Problem requirements: Transcribe exactly, and only, the lines running from the one with "a woman with" to the end of the entries below, both included, without any pictures.

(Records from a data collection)
+++
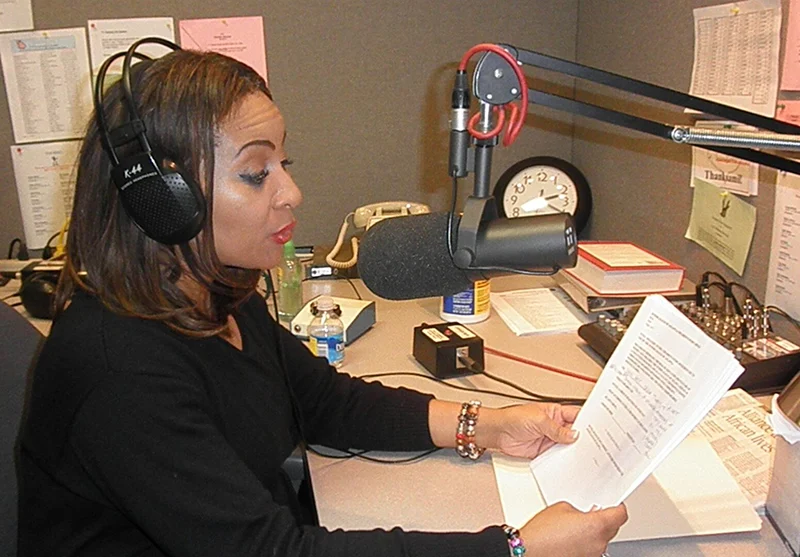 Woman wearing headphones reads from a script while speaking into a studio microphone in a radio recording booth.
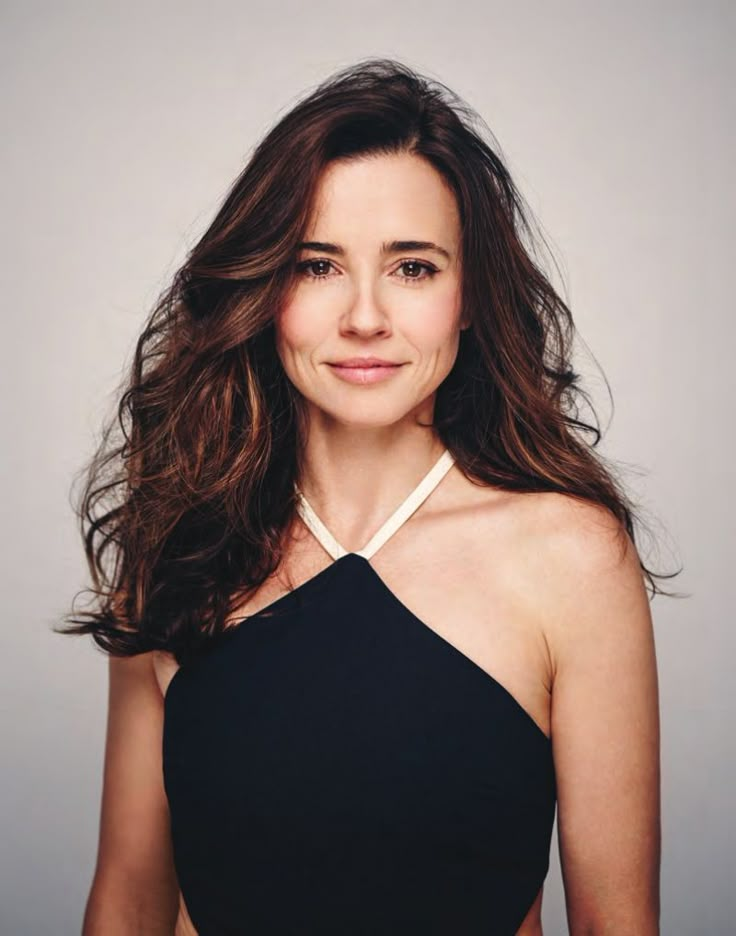 a woman with long hair wearing a black top and smiling at the camera while standing in front of a gray background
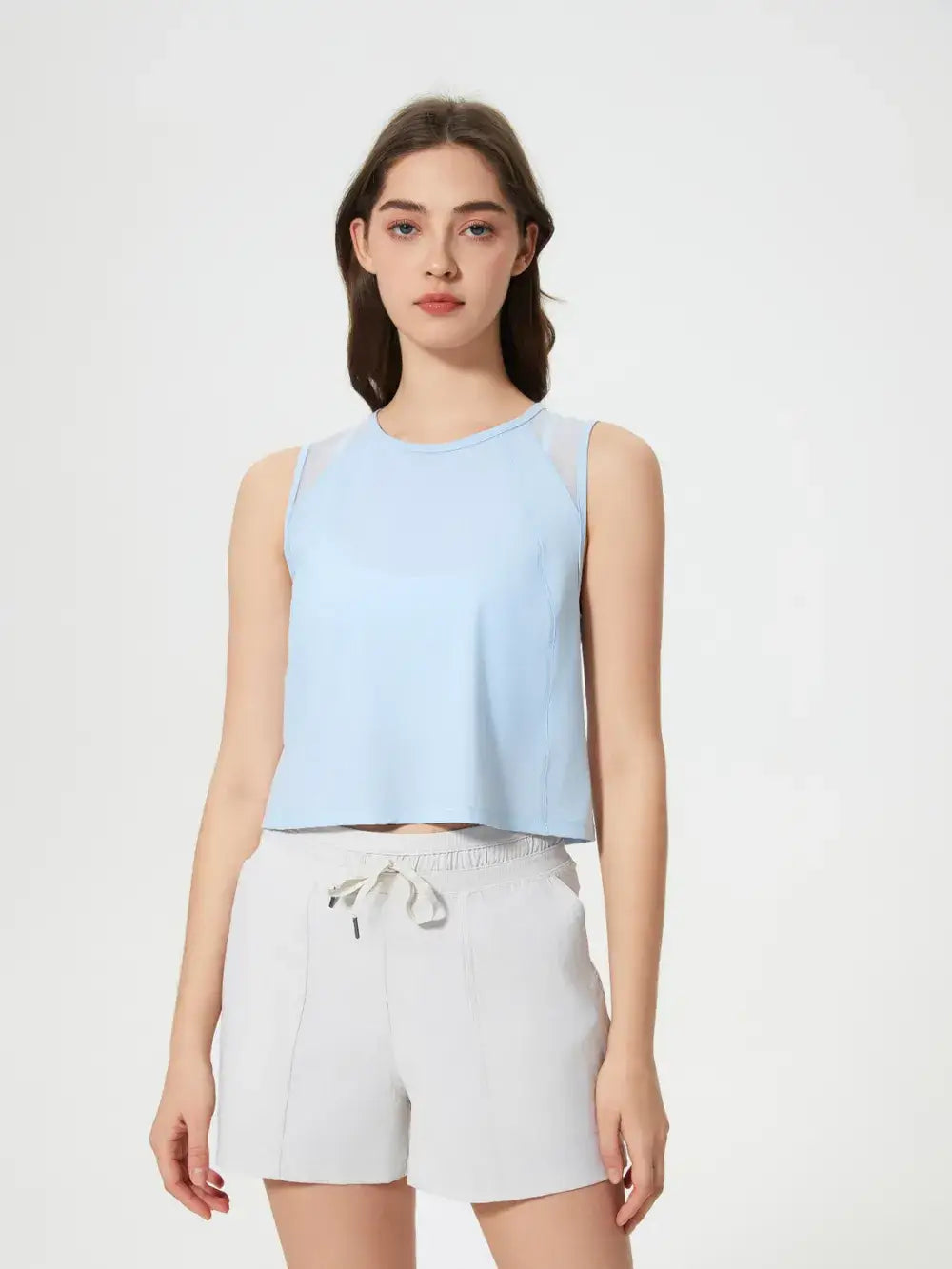 Front view of Millennia Cropped Active Tank in beige on model – Voguelle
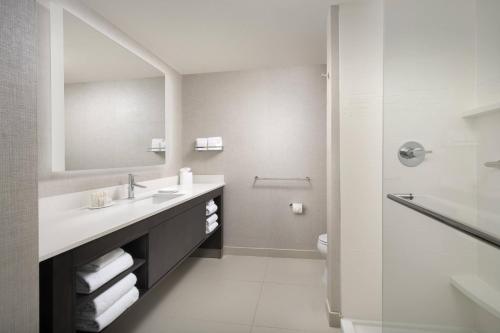 a white bathroom with a sink and a shower at Residence Inn by Marriott Modesto North in Modesto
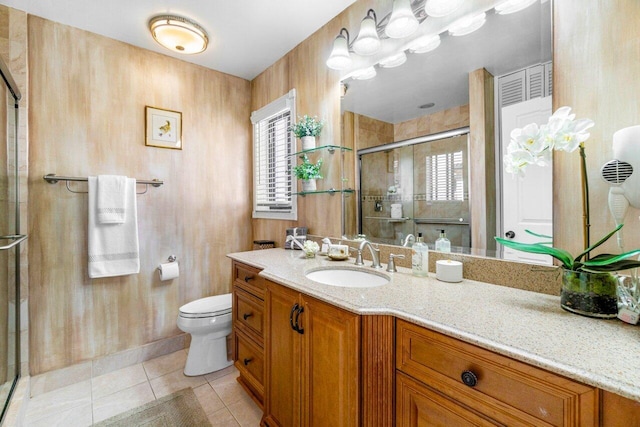 bathroom featuring tile patterned floors, vanity, toilet, and an enclosed shower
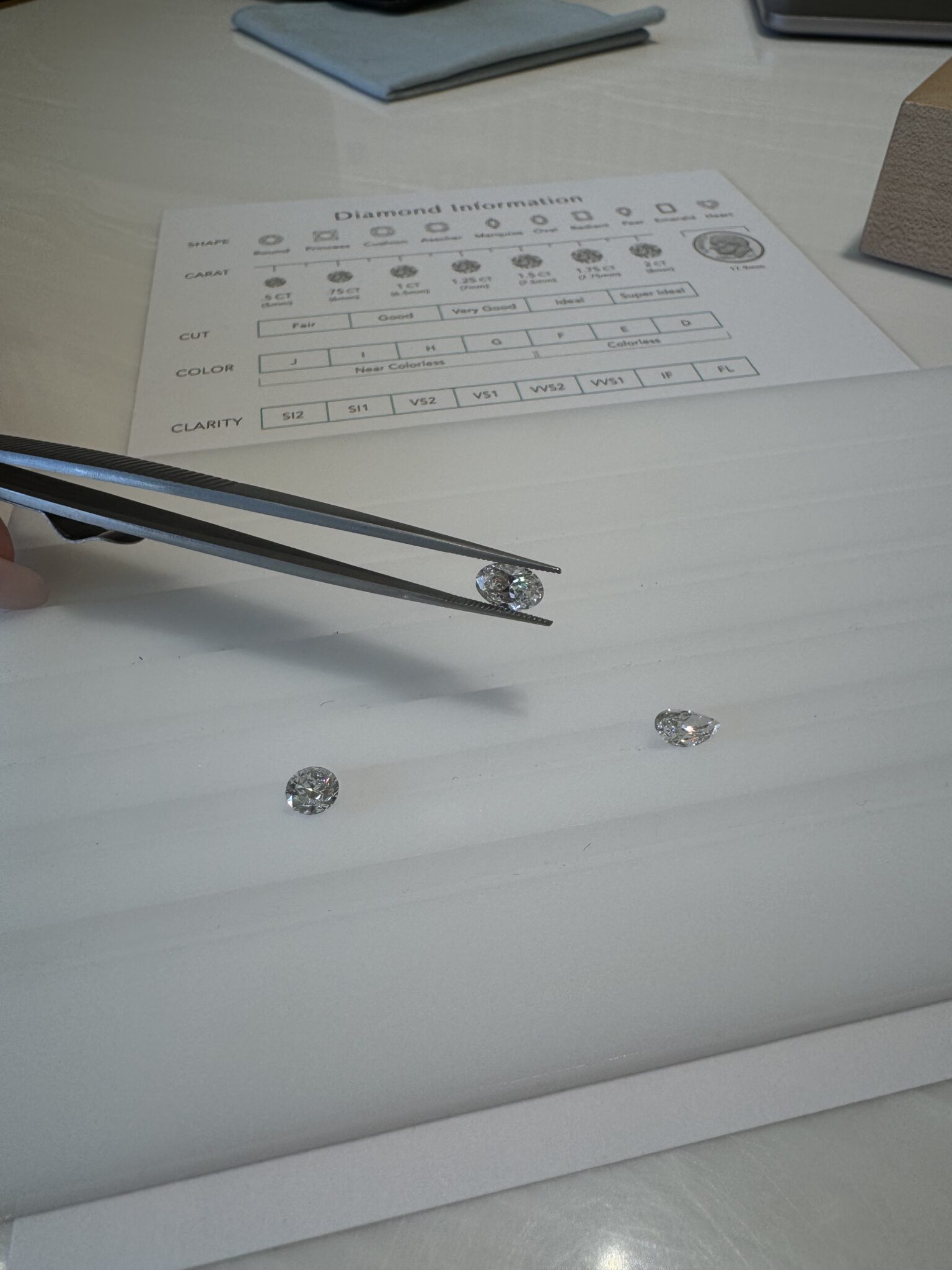 A hand holds a diamond with tweezers above a white surface with two other loose diamonds nearby; a diamond grading chart is visible in the background.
+++
Response to the exercise:
 a woman with long hair wearing a black top and smiling at the camera while standing in front of a gray background
 Front view of Millennia Cropped Active Tank in beige on model – Voguelle
 a white bathroom with a sink and a shower at Residence Inn by Marriott Modesto North in Modesto
 bathroom featuring tile patterned floors, vanity, toilet, and an enclosed shower
 A hand holds a diamond with tweezers above a white surface with two other loose diamonds nearby; a diamond grading chart is visible in the background.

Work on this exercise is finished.